Literatur Archives - PewPewPew - PewPewPew

Ich war am Wochenende erneut auf der Comic Con Stuttgart unterwegs und ein großer Bericht über die vielfältigen Eindrücke wird noch folgen, hier aber erstmal eine Übersicht über meine gerade ausgepackte Ausbeute.

Mit der Sicherheit das größte Highlight war Star Wars Autorin Claudia Gray, die auf Einladung der tollen Leute der Jedi Bibliothek als Stargast kam und fleißig Bücher signierte. Hier und zum Stand von Panini war auch mein erster Gang, schnurstracks vom Parkplatz aus, denn dort gab es die limitierte deutsche Ausgabe von Bloodline. Für mich ist das der wichtigste Roman des ganzen neuen Star Wars Kanons, der elementare politische Hintergründe für die Sequel-Triloge nicht scheute und diesen Filmen ein Fundament verleiht.

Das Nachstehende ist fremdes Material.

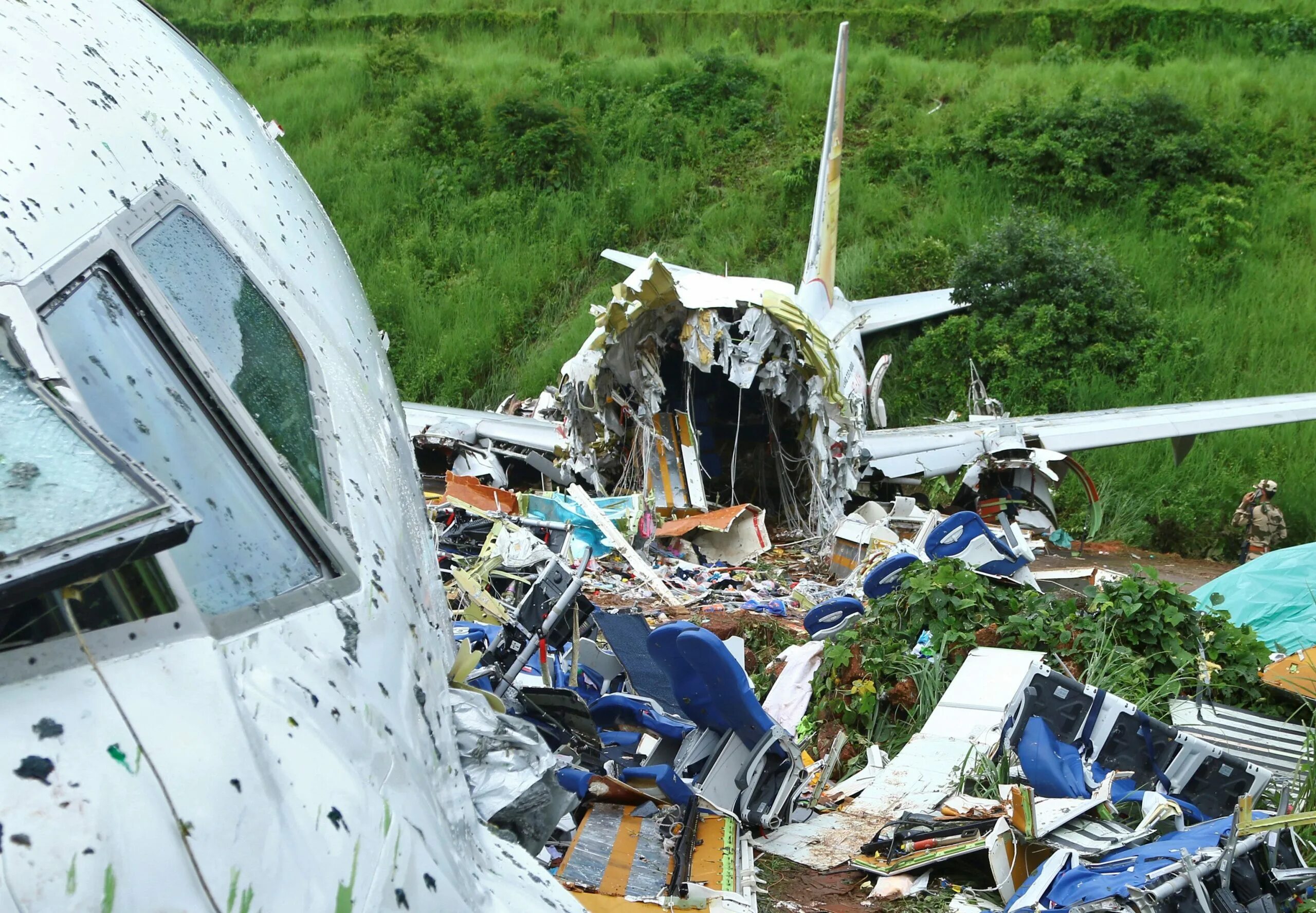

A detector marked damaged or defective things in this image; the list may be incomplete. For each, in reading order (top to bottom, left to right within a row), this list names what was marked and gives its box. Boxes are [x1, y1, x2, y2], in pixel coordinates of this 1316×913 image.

broken window frame [0, 185, 360, 684]
crashed airplane fuselage [0, 2, 579, 913]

Für mich die besten neuen Dino-Toys seit der originalen Kenner-Toyline aus 1993: Der Spinosaurus und Stegosaurus aus der Hammond Collection, die für höhere Qualität steht bei Mattel steht. Ich hatte auf die beiden Kandidaten schon länger ein Auge geworfen, zumal ich zum Release von JP3 keine Toys mehr kaufte und daher nie den wohl eher seltenen Spinosaurus hatte. Bin sehr gespannt, wie die sich pairen lassen mit den alten Kenner-Exemplaren im Regal.

Ich bin mir sicher, dass ich hier schon den ein oder anderen schon hatte, aber von limitierten Messe-Comics kann man – besonders bei einem Preis von 3€ das Stück – nicht genug haben. Lücken in der Sammlung geschlossen! Leider habe ich den Stand von dem Typen, der letzte Jahr so viele englischsprachige Dark Horse Comics hatte, nicht mehr gefunden. Vielleicht auch besser so, es wäre teuer geworden.

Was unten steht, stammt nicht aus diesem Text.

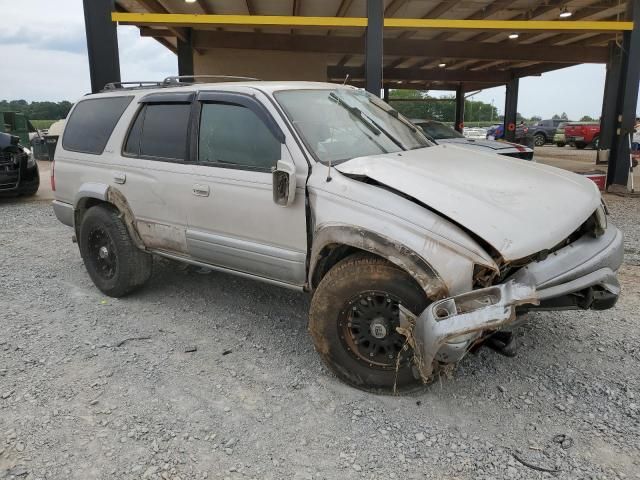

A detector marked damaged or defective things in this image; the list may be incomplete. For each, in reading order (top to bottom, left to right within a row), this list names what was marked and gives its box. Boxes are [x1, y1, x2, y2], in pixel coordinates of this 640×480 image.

damaged silver suv [52, 79, 624, 394]
crumpled hood [336, 144, 600, 260]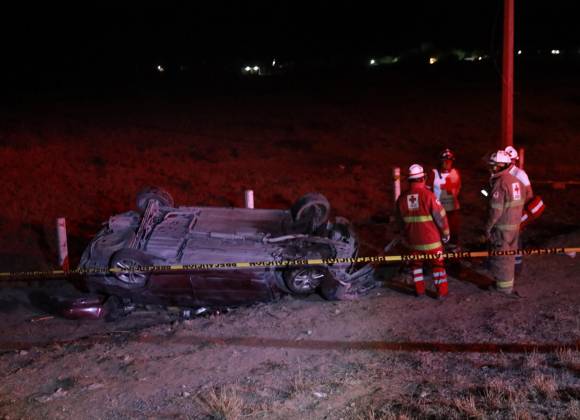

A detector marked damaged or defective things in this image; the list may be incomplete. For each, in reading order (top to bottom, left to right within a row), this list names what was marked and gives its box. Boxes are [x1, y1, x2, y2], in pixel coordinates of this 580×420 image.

overturned car [70, 187, 374, 318]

Ein Paar Comics über George Lucas und den neuen Teil von LEOs Scifi-Serie Morgen, die ich sehr mag. Seine gesamte Reihe, die im Splitter-Verlag erscheint, zu diesen Welten gehört zu meinen absoluten Lieblingscomics.

Ich war an so einem Händlerstand eigentlich für ein paar Actionfiguren, als mir diese Postkartensammlung auffiel. 50cent pro Stück und ich hatte noch 2€ im Sack von einem Kauf zuvor. Das waren schon die besten vier, besonders dieser Jesus-gleiche Luke gehört eingerahmt, aber im Rückblick jetzt hätten es ruhig ein paar mehr sein können. Das sind natürlich alles bekannte Motive, an denen man sich schon sattgesehen hat, aber sie nochmal als Druck in der Hand statt einfach nur als digitale Datei auf dem PC zu haben, hittet nochmal anders halt-

Mein Faible für holographische Sticker dürfte inzwischen bekannt sein.

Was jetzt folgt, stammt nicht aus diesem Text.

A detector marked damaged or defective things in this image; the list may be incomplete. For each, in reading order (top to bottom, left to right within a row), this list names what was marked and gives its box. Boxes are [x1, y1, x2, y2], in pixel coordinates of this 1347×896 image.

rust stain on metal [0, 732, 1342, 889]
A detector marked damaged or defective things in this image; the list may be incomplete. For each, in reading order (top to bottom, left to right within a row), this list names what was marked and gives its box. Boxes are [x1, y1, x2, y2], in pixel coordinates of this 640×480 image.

Wie auch im letzten Jahr war die Artist Alley für mich die Überraschung des Besuchs. Nächstes Jahr muss ich zwei Tage hin, weil das erneut in der Fülle und gebalter Kreativität so überwältigend war. Hier ein paar Visitenkarten der Künstler*innen, deren Werke ich besonders gut fand. Ich verlinke mal: Paper Calypso, Yulek Bagel, Sky Pirate Prints, Scompass.art, Shay_Ni22, Phuong Ninjin.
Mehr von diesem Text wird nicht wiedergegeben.